If your Riak server isn't running on localhost, use the environment variables ``RIAK_TEST_HOST`` and ``RIAK_TEST_HTTP_PORT`` and ``RIAK_TEST_PB_PORT=8087`` to specify where to find the Riak server.

========
Tutorial
========

This tutorial assumes basic working knowledge of how Riak works & what it can
do. If you need a more comprehensive overview how to use Riak, please check out
the `Riak Fast Track`_.

.. _`Riak Fast Track`: http://wiki.basho.com/The-Riak-Fast-Track.html


Quick Start
===========

For the impatient, simple usage of the official Python binding for Riak looks
like::

import riak

# Connect to Riak.
client = riak.RiakClient()

# Choose the bucket to store data in.
bucket = client.bucket('test')


# Supply a key to store data under.
# The ``data`` can be any data Python's ``json`` encoder can handle.
person = bucket.new('riak_developer_1', data={
'name': 'John Smith',
'age': 28,
'company': 'Mr. Startup!',
})
# Save the object to Riak.
person.store()


Connecting To Riak
==================

There are two supported ways to connect to Riak, the HTTP interface & the
`Protocol Buffers`_ interface. Both provide the same API & full access to
Riak.

The HTTP interface is easier to setup & is well suited for development use. It
is the slower of the two interfaces, but if you are only making a handful of
requests, it is more than capable.

The Protocol Buffers (also called ``protobuf``) is more difficult to setup but
is significantly faster (2-3x) and is more suitable for production use. This
interface is better suited to a higher number of requests.
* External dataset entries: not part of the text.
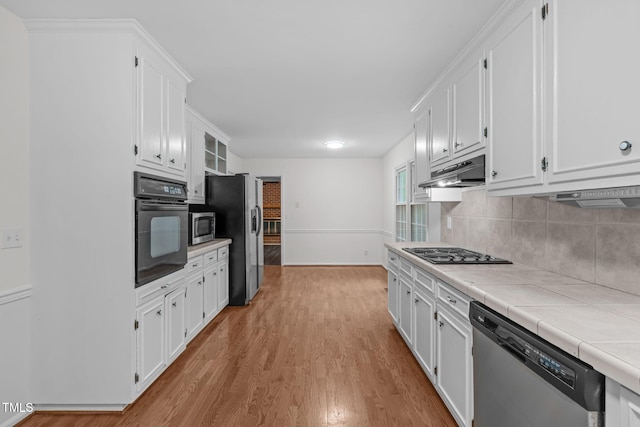5313 Falkirk Dr, Durham, NC 27712 - kitchen featuring black appliances, tile counters, under cabinet range hood, and white cabinetry
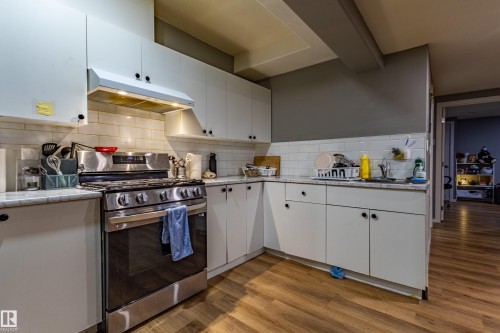 Kitchen featuring white upper and lower cabinetry, subway tile backsplash, stainless steel range with overhead ventilation, light-toned countertops, and wood-finish flooring - 195 Kulawy Drive, Edmonton, AB - Indoor Photo Showing Kitchen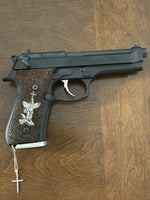 Beretta 92FS grips made of walnut wood with custom logos made of silver.7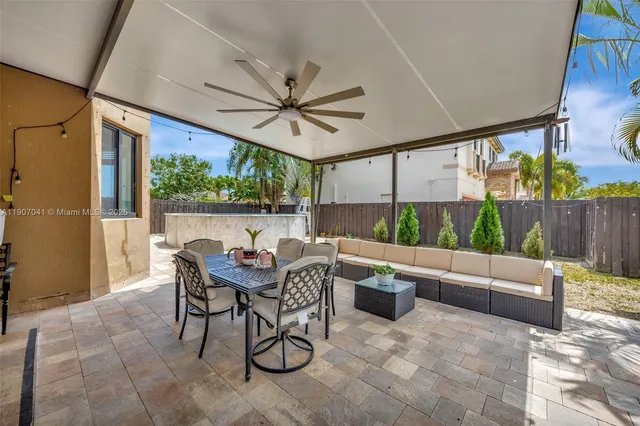 a view of a patio with table and chairs with plants and wooden fence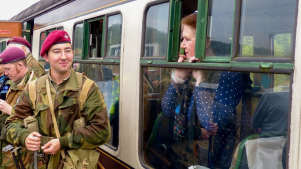 Soldier next to lady in carriage at Telford Steam Railway
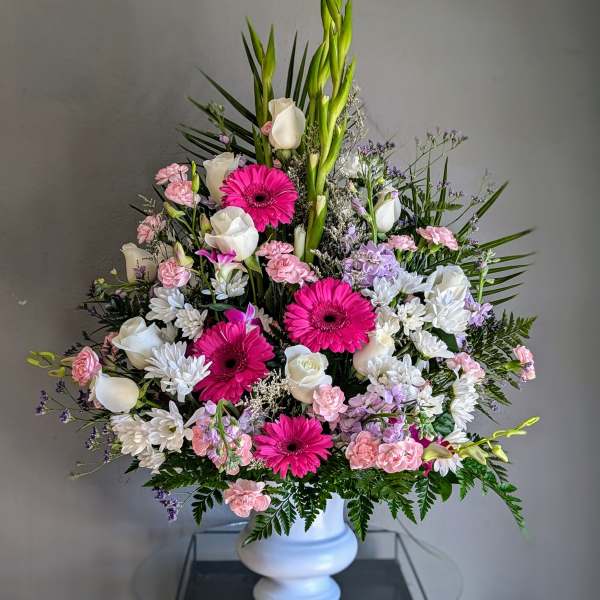 Tall mixed floral arrangement in a white vase with pink and white blooms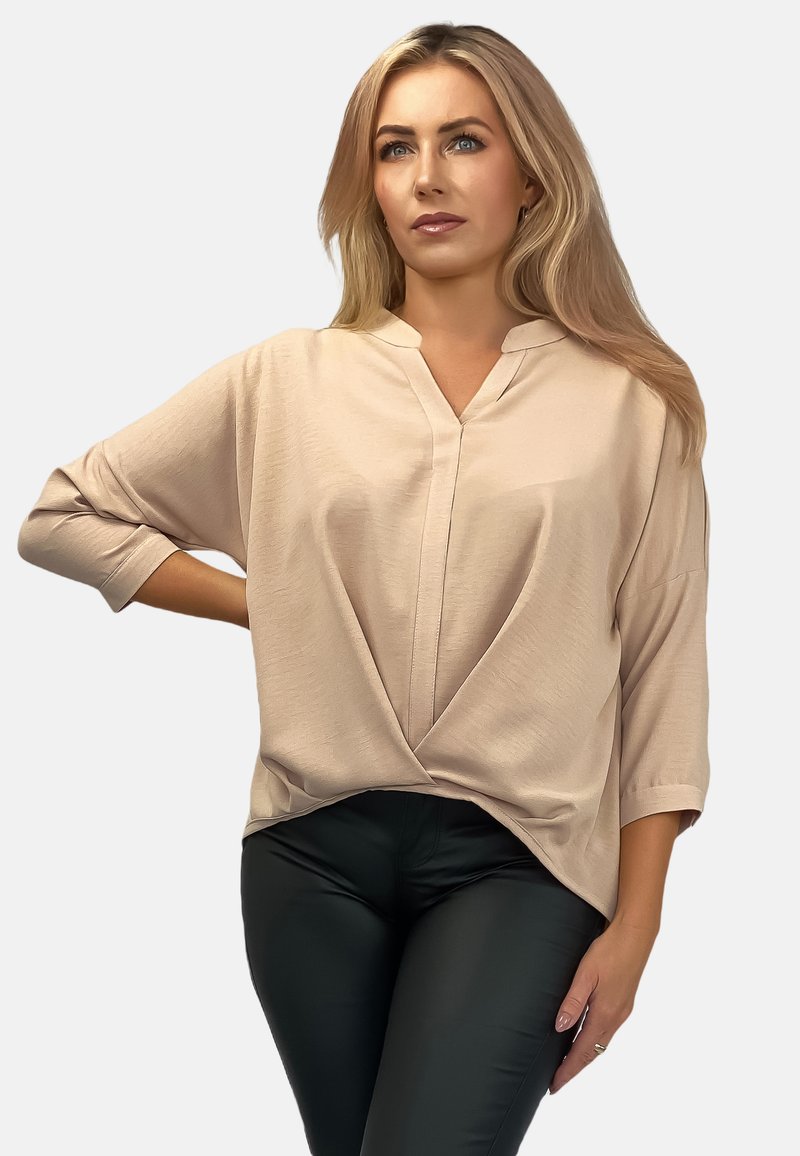 Jasnobiała bluzka z dekoltem w serek i rękawami do łokcia, z przodu z węzłem. Połączona z czarnymi, dopasowanymi spodniami.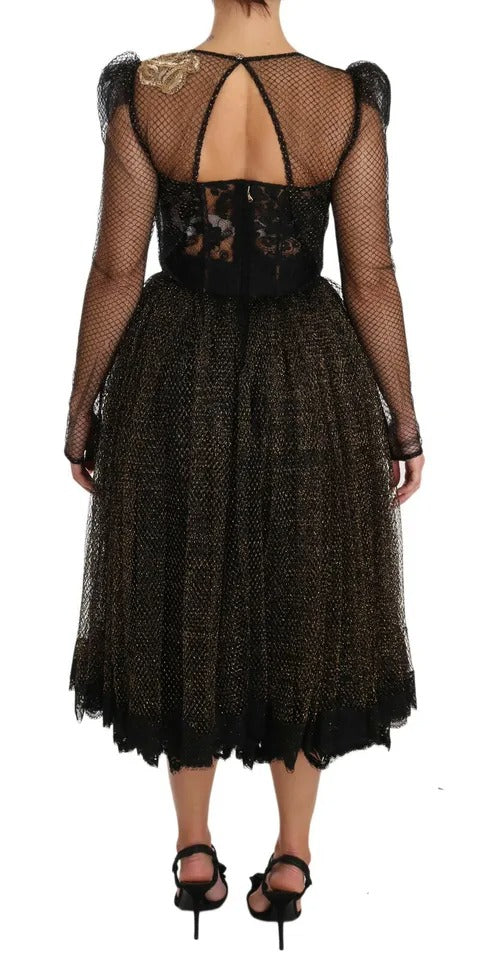 Robe en ligne A noire Dolce & Gabbana avec cristaux dorés et cœur or, élégante et ornée de détails scintillants.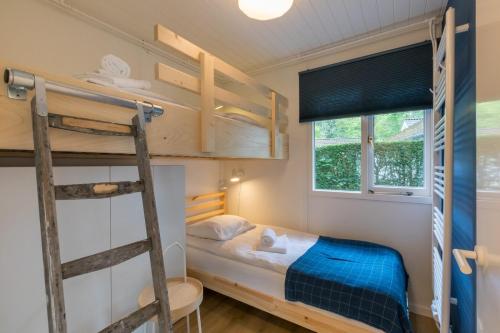 a bedroom with bunk beds and a ladder at Holidayhouse - Noordendolfer 2-49 Zoutelande in Zoutelande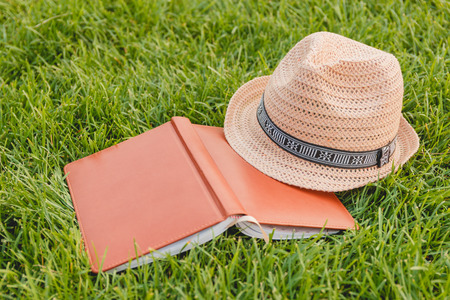 Hat, Book, Notebook on a Green Grassの写真素材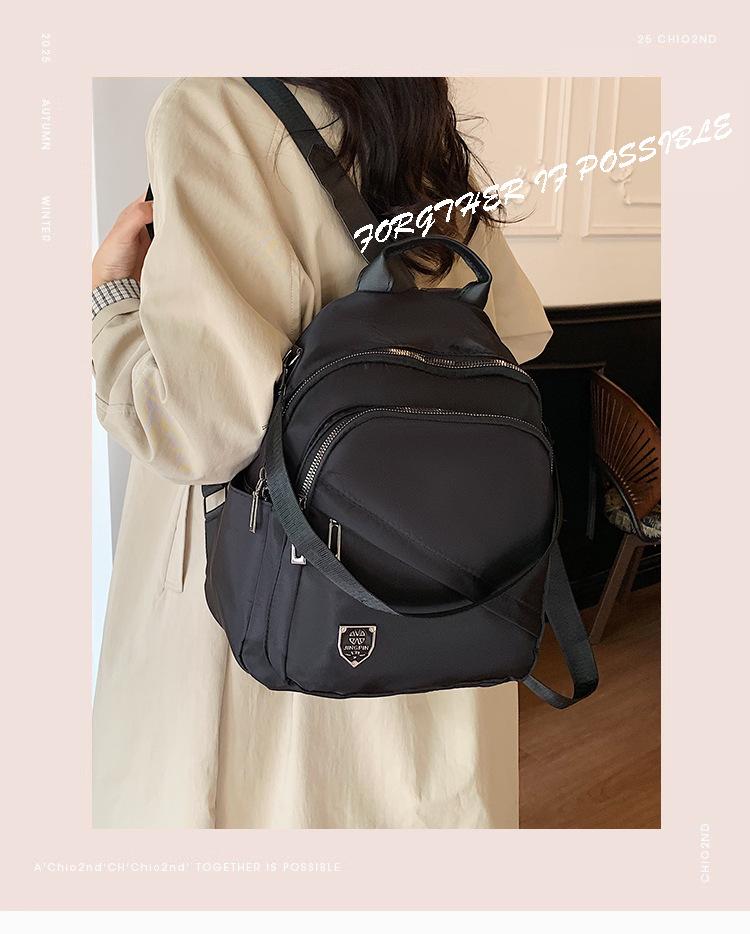 Schoolbag Simple temperament Casual backpack Multi-pocket large capacity Lightweight backpack Fashion versatile shoulder messenger bag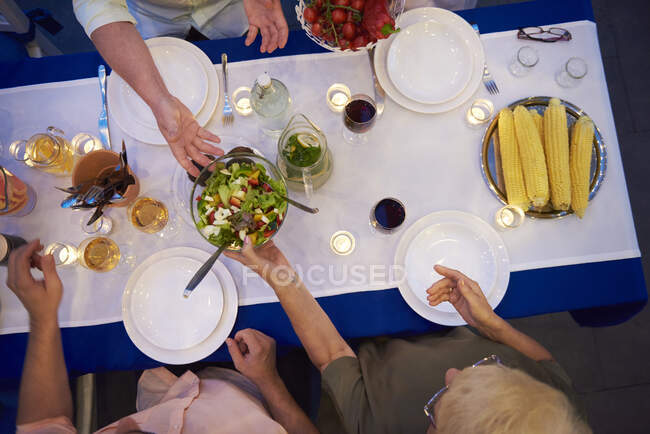 Group of people sitting at table, about to serve food, overhead view — Stock Photo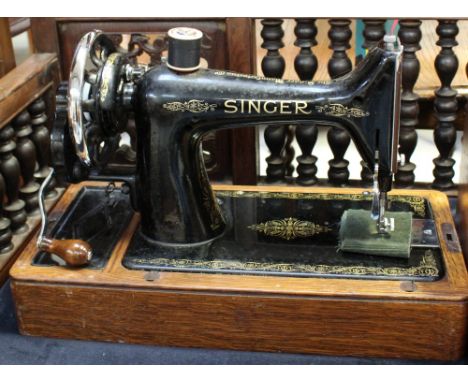 A vintage oak-cased Singer sewing machine. CONDITION REPORT No key present.
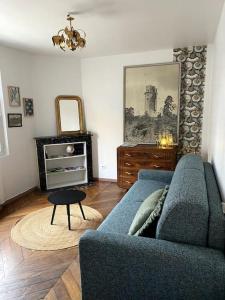 蒙雷里studio le 17 près de Paris的客厅配有蓝色的沙发和桌子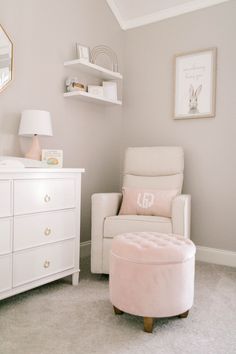 a baby's room with a white chair and pink ottoman in the middle of it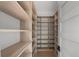 Custom walk-in closet featuring wood shelving and space for organizing clothes and accessories at 5038 W Dickens Ave, Tampa, FL 33629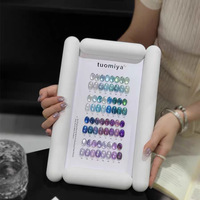 Ensemble de vernis à ongles en gel durable Tuomiya 32 couleurs Monet bleu-violet effet œil de chat, emballage de base, kit professionnel pour salons de manucure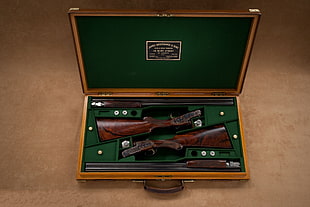 brown bolt action rifle in brown wooden chest box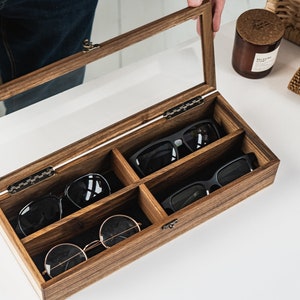 Handcrafted wooden sunglasses case for 4 glasses with a stylish design and glass lid so you can always see your glasses, even when box is closed. Each compartment has a felt lining to protect your glasses from scratching.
.. _`Protocol Buffers`: http://code.google.com/p/protobuf/

To use the HTTP interface and connecting to a local Riak on the default port,
no arguments are needed::

import riak

client = riak.RiakClient()

The constructor also configuration options such as ``host``, ``port`` &
``prefix``. Please refer to the :doc:`client` documentation for full details.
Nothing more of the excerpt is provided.